“I wanted to feel the atmosphere. I think it’s really important. I think [the pro-independence campaign] has a really positive campaign and I want to be here to feel how they’re doing things — on the Yes side but also on the No side,” she told CBC Montreal’s Radio Noon host Shawn Apel from Edinburgh.
One of the key lessons she’s drawn is the way the Yes campaign has taken hold and spread at the grassroots, especially through social media.
“There’s a lot of citizen initiatives and I think that’s really interesting,” she said.
She was also encouraged from the surge in voter support that the Yes campaign enjoyed in the last half of the campaign, going from under 30 per cent of decided voters to around 50 per cent in the final weeks.
“It shows you can have an amazing increase in support during a campaign. That message is really important,” Ouellette said.
Despite it’s “better together” motto, Ouellette said the No campaign has been resorting to fear in the final days of the campaign, which she compared to the federalist campaigns against Quebec sovereignty in 1980 and 1995.

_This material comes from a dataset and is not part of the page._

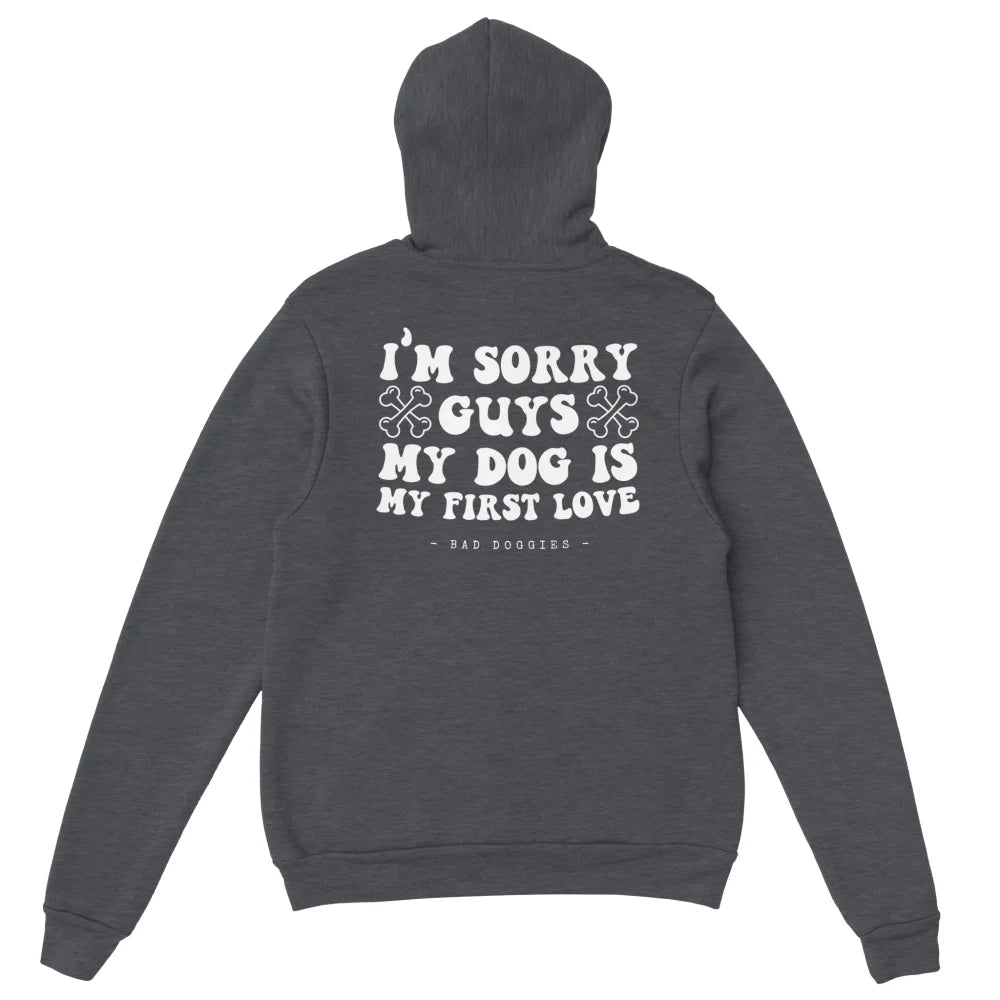 Hoodie 🦴 SORRY GUYS MY DOG IS MY FIRST LOVE 🦴 - Dark Grey
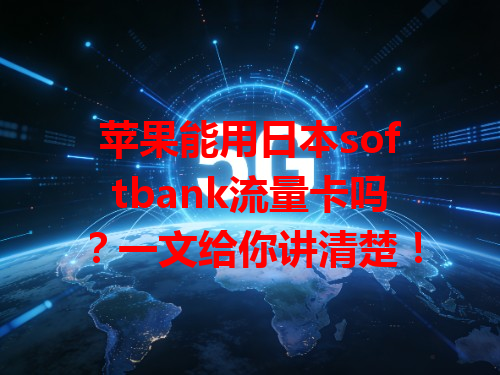 苹果能用日本softbank流量卡吗？一文给你讲清楚！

Different issues in Scotland and Quebec
Jack Jedwab, executive director of the Montreal-based Association for Canadian Studies, is also in Edinburgh to observe the vote and spoke with Radio Noon.
He echoed Ouellette’s views on the No campaign, which he said has turned to threats about what will happen in the wake of a Yes vote as support for independence grew in the weeks leading up to today.
Jedwab, however, said the supporters of the Yes campaign have not been above intimidating those who were planning to vote against independence.
Jedwab compared to the experience of some Scottish No voters he spoke with to pro-Canada campaigners in largely separatist neighbourhoods of Montreal in 1995.
“You feel the intimidation,” he said.
For Jedwab, the comparisons between Scotland and Quebec don’t go much further than that.
When asked about how a Yes vote might resonate in Quebec, Jedwab said the different realities in Scotland and Quebec made comparisons difficult.
“The comparisons between what’s happening [in Scotland] and a Quebec referendum are at least imperfect. In the case of Quebec, the referendum in 1995 was built around cultural insecurity, around the preservation of the French language. It was very identity based. And in Scotland, it’s not identity based. There is a certain degree of frustration and anger, but the anger is less along cultural lines than is the case in Quebec,” he said.
Jedwab said those differences make replicating the kind of grassroots initiatives that Martin Ouellette found inspiring in Scotland unlikely in Quebec.
“There’s a real serious difference in terms of the types of campaigns and the thematics of the campaigns,” he said.